MaartenGr / BERTopic

Leveraging BERT and c-TF-IDF to create easily interpretable topics.
https://maartengr.github.io/BERTopic/
MIT License
6.13k stars 763 forks source link

Embedding Space Dimension and HDBSCAN #183

Closed FraAmato closed 3 years ago

FraAmato commented 3 years ago

Hi Maarten, first and foremost, thank you very much for this amazing package!

I'm using it for my master’s thesis, and I would like to ask you some questions regarding some aspects of the package.

The first think I would like to ask you concerns the algorithm choose for the topic clustering: why did you choose the combination of UMAP and HDBSCAN, and specifically this clustering algorithm?

I would like to try to apply a different clustering algorithm on the embedded documents, before the dimension reduction: to do that would be sufficient to work on the embeddings provided by .extract_embeddings() , or that space has a dimension already reduced by UMAP?

Moreover, could you give me any hint on how the dimension of the embedding space is decided by the algorithm (pointing me to a paper would be perfect)?

Thank you very much in advance!

MaartenGr commented 3 years ago

Thank you for the kind words!

The choice of this combination has several reasons. To start with, embeddings are typically of a high dimension (e.g., 300) which makes clustering quite difficult. Even methods that support high dimensionality often works best at lower values. For instance, any clustering method with a cosine similarity measure can handle it to a certain extent but is by no means bullet-proof.
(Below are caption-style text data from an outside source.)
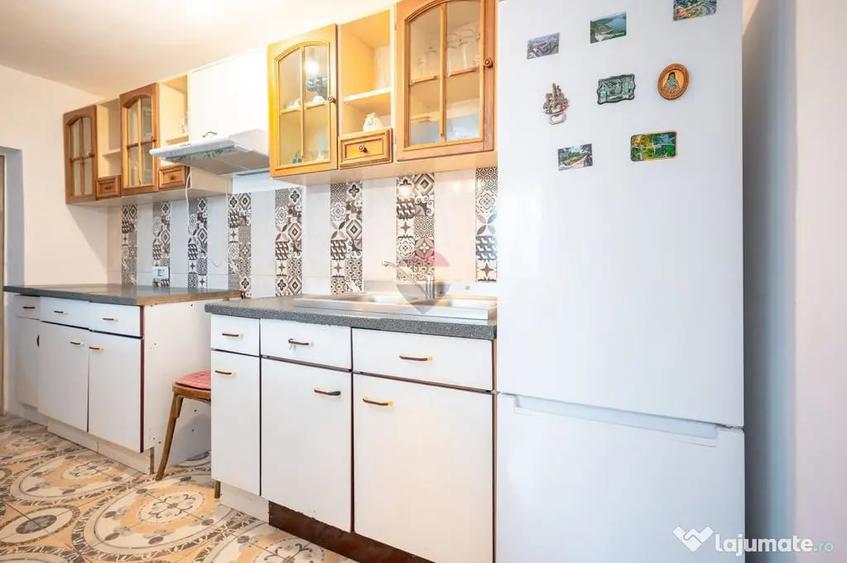 Casă cu 2 camere cu Teren 931 Mp în Șinca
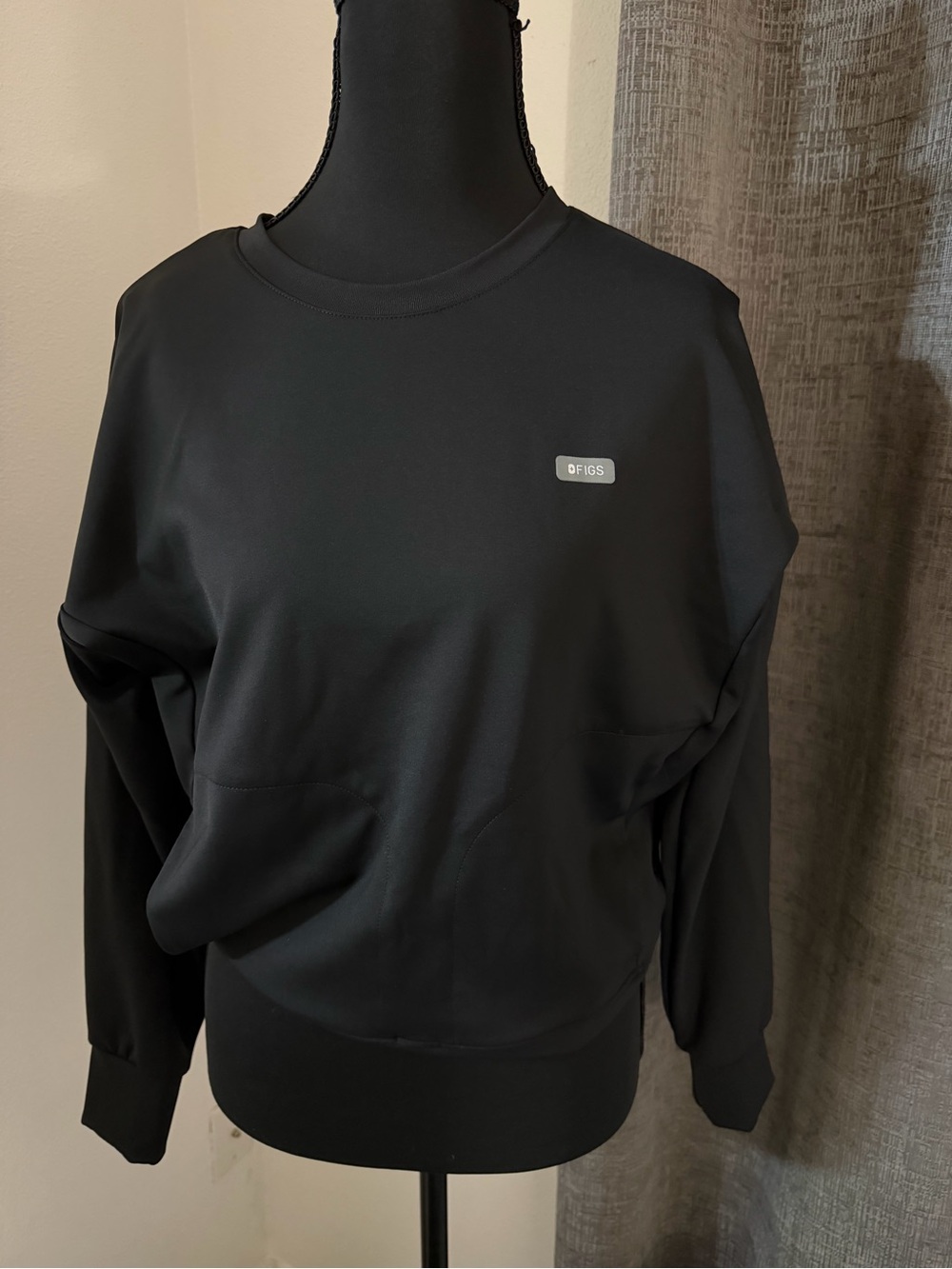 FIGS cornelia Crewneck scrub sweatshirt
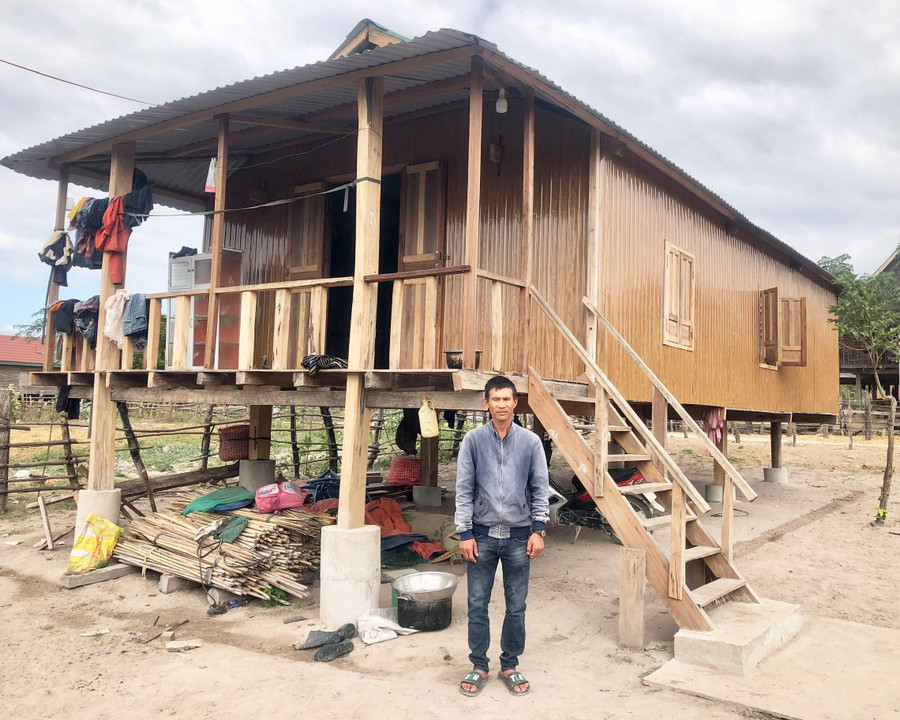 Anh Tạ Văn Dũng (buôn Nung, xã Chư Drăng) bên ngôi nhà mới. Ảnh: L.N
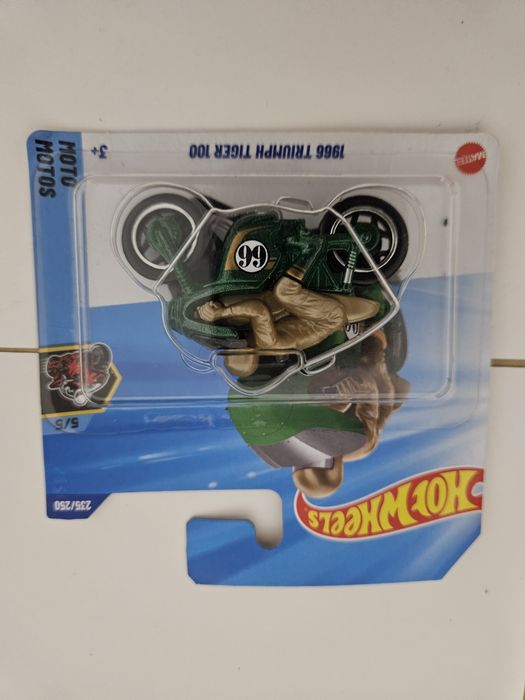 Hot Wheels : 1966 Triumph Tiger TR6  'Treasure Hunt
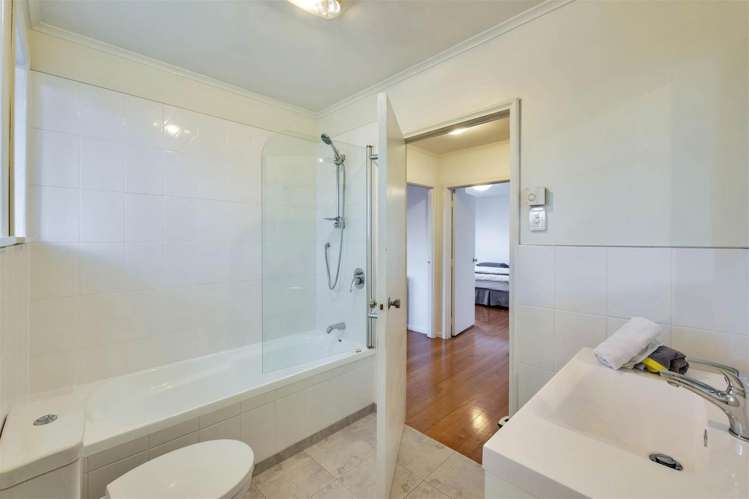 12 Chilcott Road Henderson_14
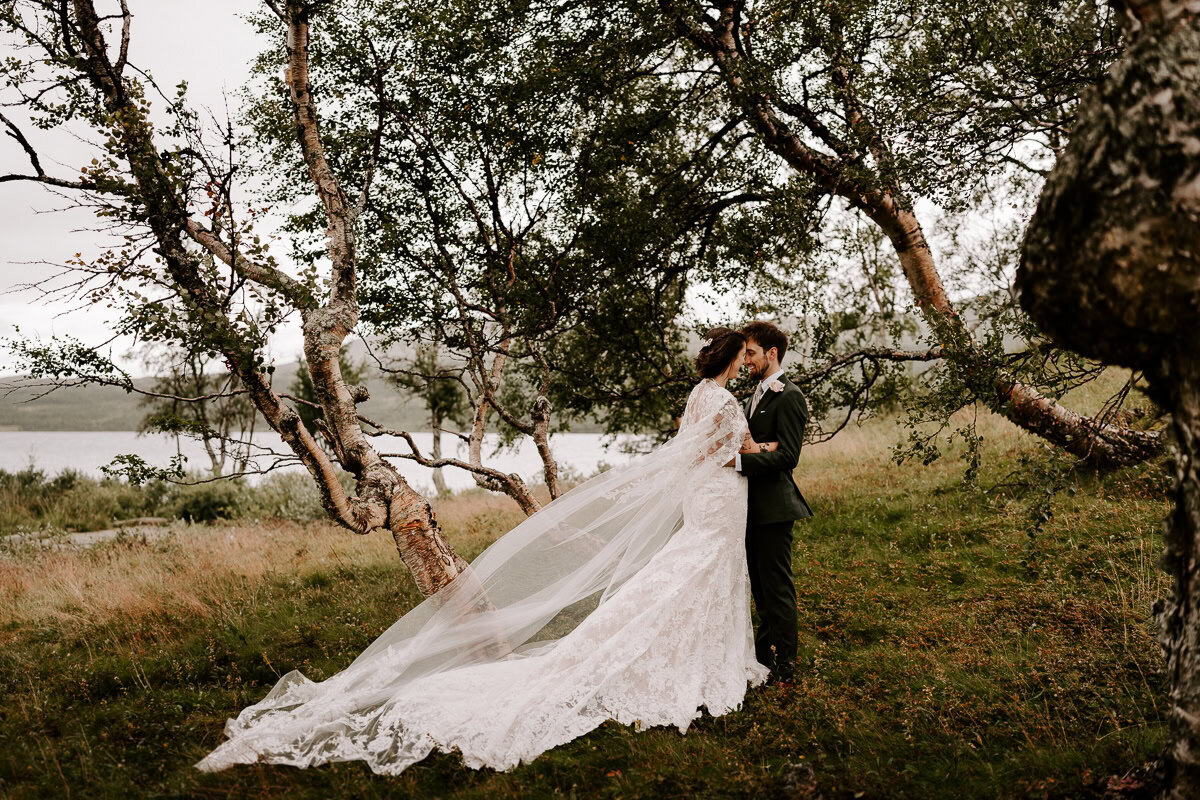 Fotograf-Yohanna-Martensson-Brollopsfotograf-brollop-i-Fjallnas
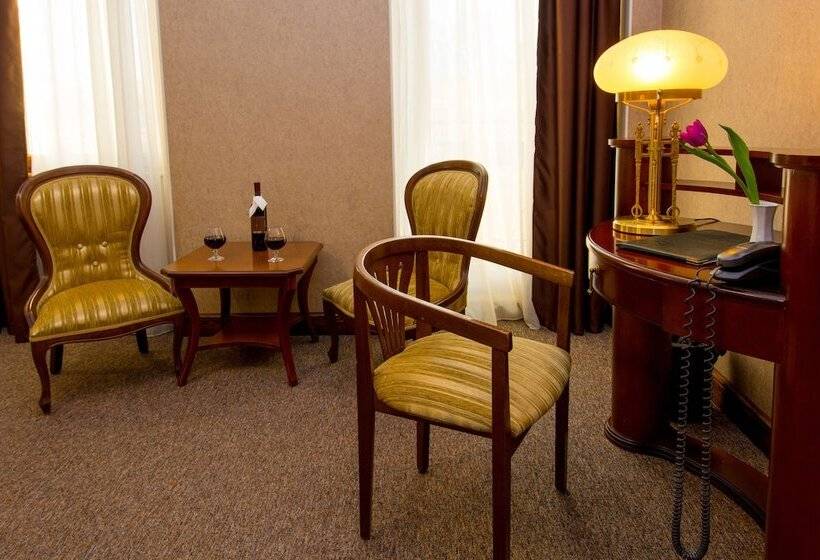 اتاق راحتی, Boutique Hotel Villa Mtiebi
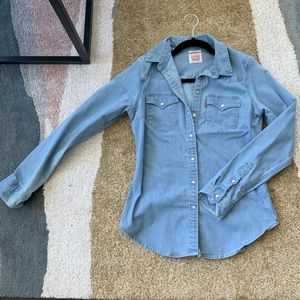 Levi’s Blue Chambray Collared Shirt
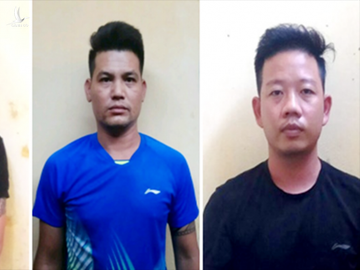 Nguyễn Thành Long (giữa) cùng 2 nghi can Hà Huy Phúc và Trần Quang Hướng bị cáo buộc tổ chức đánh bạc bằng hình thức cá độ bóng đá qua mạng internet. Ảnh: Công an cung cấp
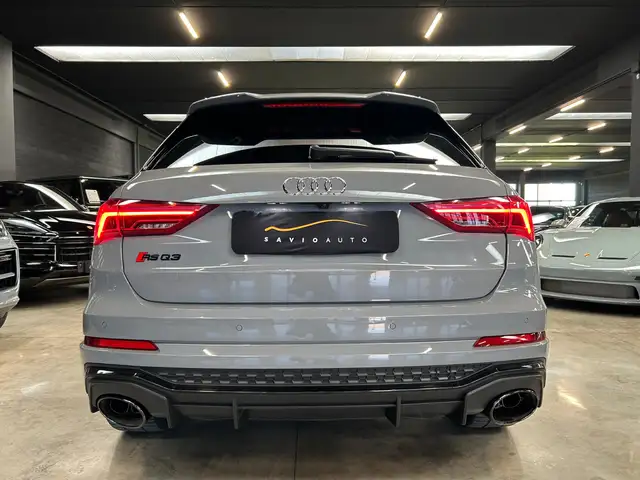 Audi RS Q3 view 8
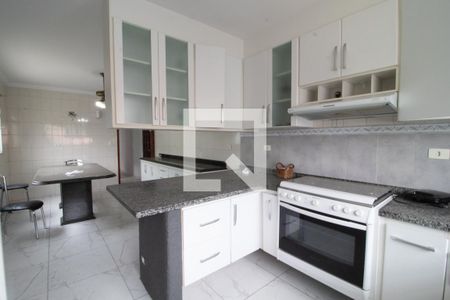 Casa à venda com 400m², 3 quartos e 6 vagasCozinha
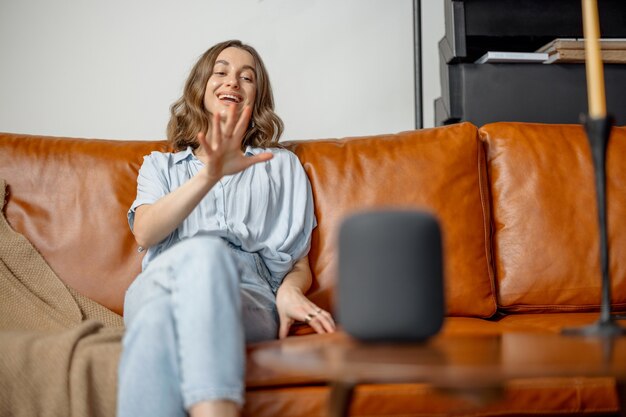 Vrouw aan het woord met audio-assistentkolom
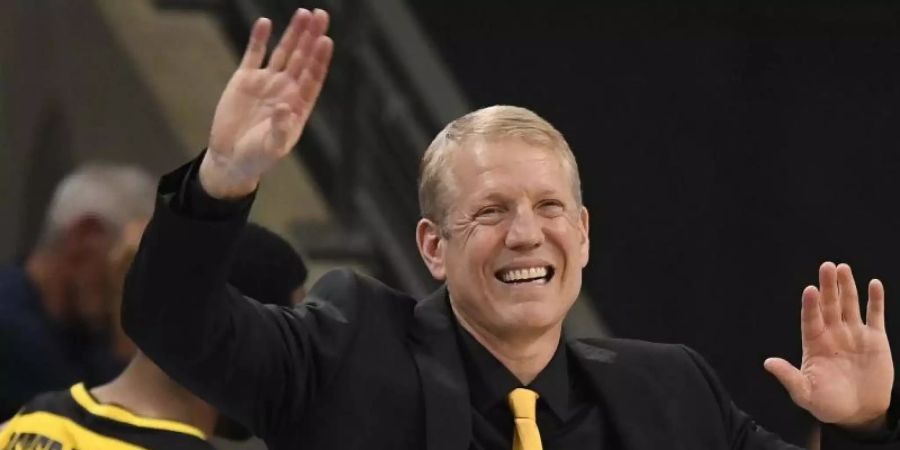 Feierte mit den MHP Riesen Ludwigsburg einen klaren Auswärtssieg: Coach John Patrick. Foto: Thomas Kienzle/dpa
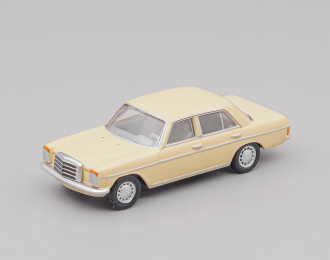 MERCEDES-BENZ 240 D /8, beige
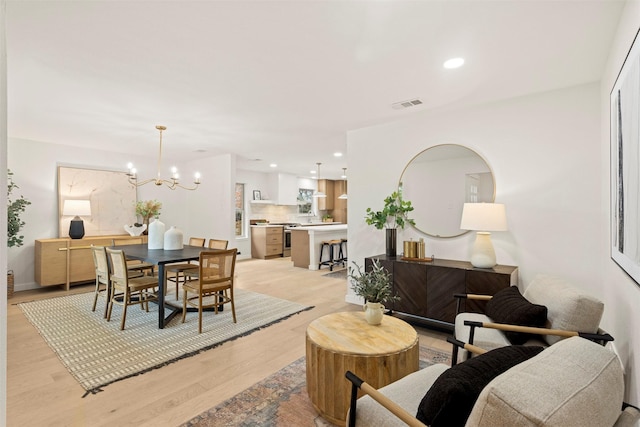 dining room featuring an inviting chandelier, recessed lighting, visible vents, and light wood finished floors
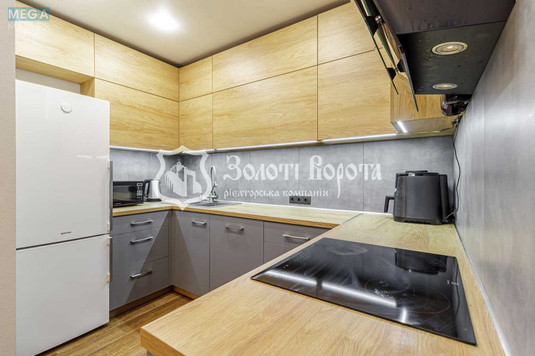 Продаж 3 кімнатної квартири (87,7/48/10,9), 8 пов. 17 пов. будинку, <a class="location-link" href="/kiev/" title="Недвижимость Київ">Київ</a>, <a class="location-link" href="/kiev/solomenskij/" title="Недвижимость Солом'янський район">Солом'янський р-н</a>, Вацлава Гавела бульв., 28 (изображение 6)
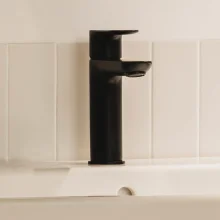 roca-cala-matt-black-smooth-body-basin-mixer-lifestyle-2.webp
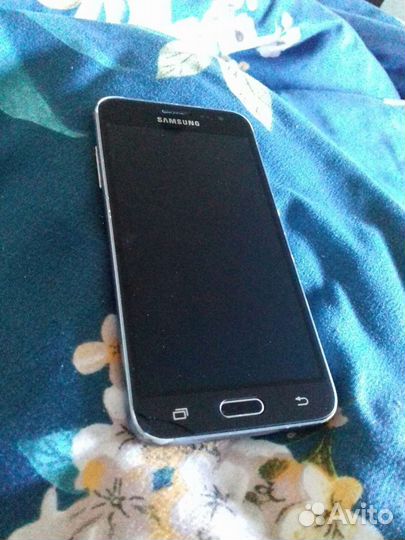 Телефон Samsung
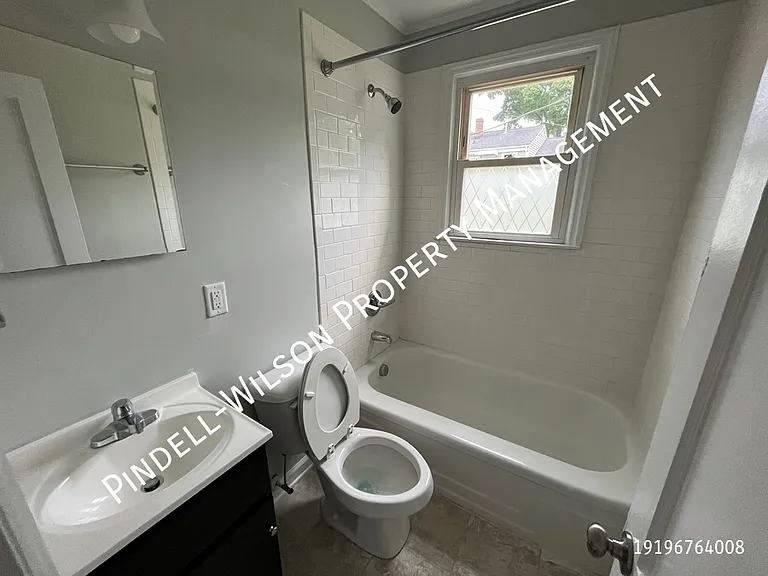 2210 Bernard St — Photo 7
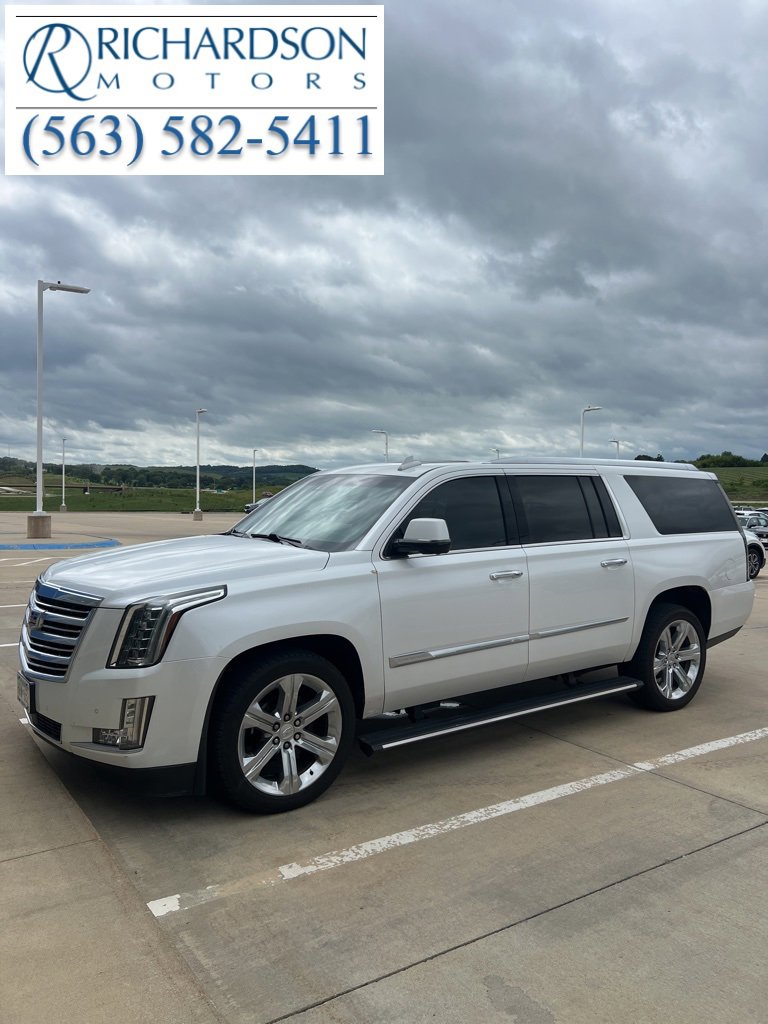 CADILLAC Escalade ESV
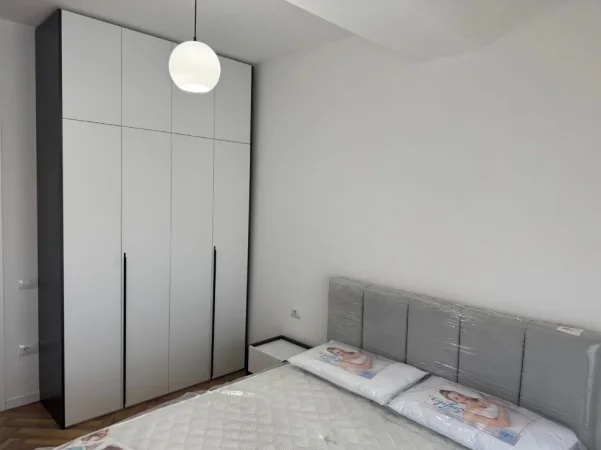 Tirane, jepet me qera apartament 1+1+Ballkon Kati 4, 70 m² 600 € (Golden Park, perballe Spitalit Amerikan 3)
Thus, you can either you a clustering method that works well at high dimensionality, which aren't many out there, or you approach the problem a bit different. Often, you can reduce the dimensionality with methods like PCA or even t-SNE (although it is not recommended) and then apply a clustering algorithm. Here, we are only interested in clustering the documents, so it's okay if some information is lost in reducing dimensions.

Then, we look into the choice of algorithm. In my experience, HDBSCAN typically outperforms most algorithms (not always of course) as it rather flexible also when it comes to the data ingested. Moreover, a hierarchical structure in clustering could help develop BERTopic further as it theoretically can create sub-topics.

If you want to use a different algorithm, I would advise looking at the code below:

https://github.com/MaartenGr/BERTopic/blob/687d84612a62c5eeddcc089a4e29cbb4710ba23e/bertopic/_bertopic.py#L282

_cluster_embeddings is where you will find most of the HDBSCAN-related clustering.

Lastly, the dimension of the embedding space, if you are referring to UMAP, is decided by the user. The default is set at 5 which gives a nice balance between having some information and reducing to a lower dimensionality.

Hopefully, this answers your questions. If not, please let me know!

FraAmato commented 3 years ago

Thank you for the thorough and quick reply!

I understand the choice of reducing dimensionality and then operating on the reduced space for the clustering, I was (and still am) doubtful about UMAP beacuse of its stochastic nature, and would like to try out some other dimensionality reduction techniques in comparison with it. Might I ask you why PCA or t-SNE are not recommended?

Indeed, my idea was to compare different clustering techniques on both the reduced-dimensional and high-dimensional space.

On the dimension of the embedding space I am referring to the dimension of the embeddings outputted by topic_model._extract_embeddings, that is the dimension that are followingly reduced by UMAP. For example my set of documents has embeddings of dimension 384, and I would like to make sense out of that number (e.g. how and why more or less this is the dimension of the embeddings). Could you help me out?

MaartenGr commented 3 years ago

Being doubtful is good! A great start for solid research.

Perhaps I was unclear, PCA is generally fine, whereas t-SNE should definitely not be used for clustering purposes. If you read the original paper, they specifically state that the method is meant for visualization purposes. They choose the student-distribution, in part, because it visualizes the clusters nicely. However, this also means that the distances between points and especially between clusters are not accurate for clustering.

The dimensions of the embeddings extracted by self._extract_embeddings depends on the embedding model that is used. Some might output higher dimensions than others but they are typically of size 384 or 768. If you want to know why the embeddings have that size, I would advise you looking at their point of origin on how they were trained. The default models are sentence-transformers that can be found here.

MaartenGr commented 3 years ago

Since there is no follow-up, I'll close this for now. However, if you run into any issues, please let me know!